Case Presentation: 48-year-old African American (AA) male with history of Non-ischemic cardiomyopathy on milrinone (EF: 15%), after CHOP therapy for his lymphoma, diabetes mellitus, polysubstance abuse was admitted with an acute exacerbation of chronic systolic heart failure with cardiogenic shock. He was being managed with milrinone drip and lasix in the CCU and considered a candidate for LVAD implantation. He underwent durable HVAD LVAD implantation and TVR, antiplatelet was initiated with aspirin 325 mg daily, anticoagulation therapy with warfarin was started at 2.5 mg/day on post-op day 4 once the surgical drains were out with an INR goal of 2-3. The INR remained sub-therapeutic at 1.1 and LDH started trending up from 412 to 469 U/L so continuous heparin drip was started. After confirming patient compliance and making sure he was not taking any medications or foods (Vitamin K rich diet)that could increase warfarin metabolism, its dose was increased. Warfarin was increased in small increments on an almost daily basis from 2.5 to 4 to 5 to 7.5mg to 10 to 20 and INR remained at 1.2. Gene testing for VKORC1 -1639 (A/G) and CYP2C9 (*1/*2/*3) allelic variants were ordered. He tested positive for this resistance, positive for VKORC1 (G/G) and CYP2C9 (1/1) alleles and was negative for CYP4F2*3 genotype 1/1 (rs2108622T) allele. This prompted us to increase his dose from 20 to 30 and then 40 mg to achieve therapeutic INR. He finally became therapeutic (INR: 2.1) at 40 mg/daily of Coumadin. His VAD was noted to do well and he was discharged on this dose of warfarin with close follow-up in clinic.

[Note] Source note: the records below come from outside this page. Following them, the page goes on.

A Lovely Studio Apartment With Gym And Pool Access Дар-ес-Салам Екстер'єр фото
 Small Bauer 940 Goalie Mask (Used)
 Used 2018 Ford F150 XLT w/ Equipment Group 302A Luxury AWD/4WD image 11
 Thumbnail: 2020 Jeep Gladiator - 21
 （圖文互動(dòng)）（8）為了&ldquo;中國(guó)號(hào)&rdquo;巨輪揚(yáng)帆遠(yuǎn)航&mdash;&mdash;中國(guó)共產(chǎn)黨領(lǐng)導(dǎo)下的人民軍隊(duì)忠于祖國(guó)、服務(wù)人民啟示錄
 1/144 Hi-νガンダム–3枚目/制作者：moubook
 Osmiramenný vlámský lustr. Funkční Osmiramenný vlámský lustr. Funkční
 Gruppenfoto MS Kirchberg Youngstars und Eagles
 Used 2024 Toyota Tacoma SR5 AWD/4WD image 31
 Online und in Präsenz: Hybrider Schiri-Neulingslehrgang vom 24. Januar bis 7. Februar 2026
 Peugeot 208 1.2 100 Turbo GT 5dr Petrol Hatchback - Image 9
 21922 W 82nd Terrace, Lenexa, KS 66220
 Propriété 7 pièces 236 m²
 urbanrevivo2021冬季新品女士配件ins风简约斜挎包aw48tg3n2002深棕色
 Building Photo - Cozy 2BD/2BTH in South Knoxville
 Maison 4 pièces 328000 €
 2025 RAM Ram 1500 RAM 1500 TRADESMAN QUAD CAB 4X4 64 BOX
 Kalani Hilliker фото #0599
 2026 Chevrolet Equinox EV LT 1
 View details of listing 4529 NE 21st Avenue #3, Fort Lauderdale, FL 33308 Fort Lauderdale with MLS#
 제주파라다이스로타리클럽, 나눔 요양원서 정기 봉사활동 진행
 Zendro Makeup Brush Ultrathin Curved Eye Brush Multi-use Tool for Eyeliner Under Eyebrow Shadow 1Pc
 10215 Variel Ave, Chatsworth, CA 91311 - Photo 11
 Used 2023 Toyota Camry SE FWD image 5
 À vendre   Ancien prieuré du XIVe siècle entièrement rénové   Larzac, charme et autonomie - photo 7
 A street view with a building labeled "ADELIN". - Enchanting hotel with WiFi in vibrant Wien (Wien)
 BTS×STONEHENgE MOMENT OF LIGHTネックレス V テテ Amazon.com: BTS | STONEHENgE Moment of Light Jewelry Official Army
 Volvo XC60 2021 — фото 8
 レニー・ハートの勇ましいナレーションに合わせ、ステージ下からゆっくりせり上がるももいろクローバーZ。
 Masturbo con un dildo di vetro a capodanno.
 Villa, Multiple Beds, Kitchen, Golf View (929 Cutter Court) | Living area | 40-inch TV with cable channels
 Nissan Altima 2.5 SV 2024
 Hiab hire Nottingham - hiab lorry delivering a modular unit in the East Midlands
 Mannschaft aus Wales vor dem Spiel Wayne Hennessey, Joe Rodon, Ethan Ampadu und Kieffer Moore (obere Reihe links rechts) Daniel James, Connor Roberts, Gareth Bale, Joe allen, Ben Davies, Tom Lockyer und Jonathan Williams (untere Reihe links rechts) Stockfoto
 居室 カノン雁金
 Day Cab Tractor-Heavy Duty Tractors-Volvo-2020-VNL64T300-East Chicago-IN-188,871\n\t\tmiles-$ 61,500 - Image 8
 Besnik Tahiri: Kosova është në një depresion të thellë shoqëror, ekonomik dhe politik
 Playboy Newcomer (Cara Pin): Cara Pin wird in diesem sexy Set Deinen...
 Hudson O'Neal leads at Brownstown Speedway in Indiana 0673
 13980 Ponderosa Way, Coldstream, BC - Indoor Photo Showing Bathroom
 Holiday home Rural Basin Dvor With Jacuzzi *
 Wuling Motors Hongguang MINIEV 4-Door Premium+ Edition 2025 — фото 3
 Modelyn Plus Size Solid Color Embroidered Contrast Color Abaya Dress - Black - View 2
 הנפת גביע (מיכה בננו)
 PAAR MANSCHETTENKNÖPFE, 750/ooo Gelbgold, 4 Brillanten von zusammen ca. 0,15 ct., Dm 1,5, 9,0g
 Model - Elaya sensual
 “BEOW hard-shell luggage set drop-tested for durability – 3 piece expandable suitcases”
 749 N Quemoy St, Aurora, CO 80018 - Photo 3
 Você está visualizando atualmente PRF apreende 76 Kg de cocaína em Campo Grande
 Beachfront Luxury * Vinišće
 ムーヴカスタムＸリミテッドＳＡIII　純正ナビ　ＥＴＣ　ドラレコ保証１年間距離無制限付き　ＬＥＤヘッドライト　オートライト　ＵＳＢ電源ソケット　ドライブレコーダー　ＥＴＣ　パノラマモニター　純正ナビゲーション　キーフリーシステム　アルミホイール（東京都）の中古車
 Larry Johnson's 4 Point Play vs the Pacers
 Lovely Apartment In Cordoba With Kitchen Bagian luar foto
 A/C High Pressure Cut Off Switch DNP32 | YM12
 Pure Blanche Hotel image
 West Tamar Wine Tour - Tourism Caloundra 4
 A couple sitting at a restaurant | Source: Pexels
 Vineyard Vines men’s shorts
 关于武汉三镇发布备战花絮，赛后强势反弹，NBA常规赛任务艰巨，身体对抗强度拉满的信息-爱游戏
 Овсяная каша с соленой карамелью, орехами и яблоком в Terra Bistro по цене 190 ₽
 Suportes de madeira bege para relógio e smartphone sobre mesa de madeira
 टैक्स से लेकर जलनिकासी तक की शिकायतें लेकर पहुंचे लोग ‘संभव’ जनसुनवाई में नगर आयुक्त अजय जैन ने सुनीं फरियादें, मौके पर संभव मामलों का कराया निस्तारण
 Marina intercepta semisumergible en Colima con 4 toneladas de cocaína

Discussion: Continuous-flow left ventricular assist devices (CF-LVAD) require the use of warfarin-based anticoagulation, which is proven to be effective in prevention of thromboembolic complications. However, warfarin has a narrow therapeutic index and a wide variation in individual dose requirements. Growing lines of evidence suggest that polymorphisms in two genetic variants involved in warfarin pharmacodynamics and pharmacokinetics (vitamin K epoxide reductase complex submit 1 [VKORC1] and P450-2C9 (CYP2C9) respectively) account for the associated resistance. Functional warfarin “resistance” has been defined as warfarin requirements of more than 15 mg/day to achieve therapeutic anticoagulation or failure to achieve therapeutic anticoagulation with more than 20 mg/day.
Conclusions: – Given the high prevalence of bleeding and thrombotic events in CF-LVAD patients, routine genotyping before device implantation can potentially lead to safer and more effective anticoagulation. – It will allow for avoidance of excessive doses in warfarin sensitive patients, and shortening of bridging time in warfarin resistance patients.